To do — Find the line containing "駱恆光王金環行書個性簽名怎么寫" in the entries below. Restate it and each line after it, word for word, up to and including the line containing "Tailless lizards on dried pumpkin".

Dataset records —

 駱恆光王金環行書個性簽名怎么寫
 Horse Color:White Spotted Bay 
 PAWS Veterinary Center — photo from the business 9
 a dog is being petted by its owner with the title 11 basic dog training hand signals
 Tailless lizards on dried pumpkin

==

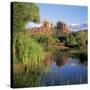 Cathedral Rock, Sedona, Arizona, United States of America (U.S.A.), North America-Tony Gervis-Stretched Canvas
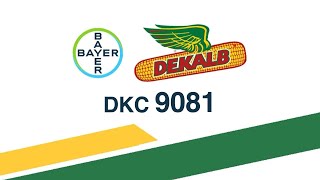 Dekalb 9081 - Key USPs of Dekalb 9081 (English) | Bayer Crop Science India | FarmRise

Exercise response —
 駱恆光王金環行書個性簽名怎么寫
 Horse Color:White Spotted Bay 
 PAWS Veterinary Center — photo from the business 9
 a dog is being petted by its owner with the title 11 basic dog training hand signals
 Tailless lizards on dried pumpkin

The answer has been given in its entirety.